SVRI reflects the changes in afterload, while the SI and CI depend on the amount of venous return and preload, myocardial contractility, and afterload. CI nearly always equals venous return in healthy people and reflects the amount of circulating blood [22].

The PEP is the electromechanical delay associated with the electrical depolarisation of the ventricles and the isovolumetric contraction time of the left ventricle (LV). Higher sympathetic activity increases LV contractility and shortens PEP [23,24]. LVET is the time when LV ejects blood to the aorta—it is measured between the opening and closing of the aortic valve. The LVET shortening suggests a reduced SV or increased afterload [23]. The STR increases with impaired LV systolic function [25].

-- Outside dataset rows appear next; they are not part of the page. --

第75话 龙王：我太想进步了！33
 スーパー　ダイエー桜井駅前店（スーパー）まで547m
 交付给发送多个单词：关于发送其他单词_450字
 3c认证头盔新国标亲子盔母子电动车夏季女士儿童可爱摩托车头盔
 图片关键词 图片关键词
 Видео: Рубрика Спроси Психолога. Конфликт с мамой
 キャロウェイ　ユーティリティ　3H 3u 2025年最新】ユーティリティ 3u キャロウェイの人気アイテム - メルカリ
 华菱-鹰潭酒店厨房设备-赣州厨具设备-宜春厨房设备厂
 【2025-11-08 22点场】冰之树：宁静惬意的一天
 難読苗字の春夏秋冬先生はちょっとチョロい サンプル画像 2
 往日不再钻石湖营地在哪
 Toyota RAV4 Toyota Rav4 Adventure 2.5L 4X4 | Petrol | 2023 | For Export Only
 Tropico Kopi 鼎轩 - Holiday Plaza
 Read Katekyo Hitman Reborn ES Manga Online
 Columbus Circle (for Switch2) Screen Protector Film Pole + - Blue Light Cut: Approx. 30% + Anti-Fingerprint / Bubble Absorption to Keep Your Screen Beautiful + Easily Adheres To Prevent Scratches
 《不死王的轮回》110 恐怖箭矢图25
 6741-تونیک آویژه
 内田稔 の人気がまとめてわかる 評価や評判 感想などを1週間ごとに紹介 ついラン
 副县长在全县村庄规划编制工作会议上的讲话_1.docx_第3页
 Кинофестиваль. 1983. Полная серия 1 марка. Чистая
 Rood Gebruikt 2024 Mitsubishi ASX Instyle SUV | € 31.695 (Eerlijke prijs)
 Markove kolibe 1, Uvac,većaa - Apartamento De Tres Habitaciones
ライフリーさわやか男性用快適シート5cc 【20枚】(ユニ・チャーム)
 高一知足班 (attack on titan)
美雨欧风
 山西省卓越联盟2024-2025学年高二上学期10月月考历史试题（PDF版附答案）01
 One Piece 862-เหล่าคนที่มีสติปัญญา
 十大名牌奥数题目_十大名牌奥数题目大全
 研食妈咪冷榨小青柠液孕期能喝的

2.3.3. Indirect Measures of Water Accumulation

Water is the most significant contributor to body mass—we measured body mass during all menstrual cycle phases to reflect its content. We also estimated the thoracic fluid content (TFC) by cardiac impedance. TFC is proportional to the amount of fluid in the chest as an index of regional water accumulation in the lungs. Additionally, we used an eight-electrode total body impedance analyser (Tanita MC 180 MA, Tanita, Tokyo, Japan) to measure the amount of total body water and its relative contribution to body weight. This device uses low electrical currents at four frequencies, i.e., 5, 50, 250, and 500 kHz [26].

2.4. Statistical Analysis

Data distribution was not normal (D’Agostino–Pearson test). Thus, continuous data are presented as median and the 25th–75th percentiles. For the trend analysis (either linear or cubic) between the measured values of all parameters and different phases of the menstrual cycle, we applied repeated measures Friedman test (nonparametric ANOVA) with post-tests. The MedCalc^® Statistical Software version 20.110 (MedCalc Software Ltd., Ostend, Belgium; Available online: https://www.medcalc.org, accessed on 11 June 2022) was employed for statistical analysis. Only p values < 0.05 were considered significant.

3. Results

The median age of the studied women was 28 (interquartile range 26–34), and their BMI, WHR, fasting glucose, insulin, and lipid fractions concentrations were within normal ranges.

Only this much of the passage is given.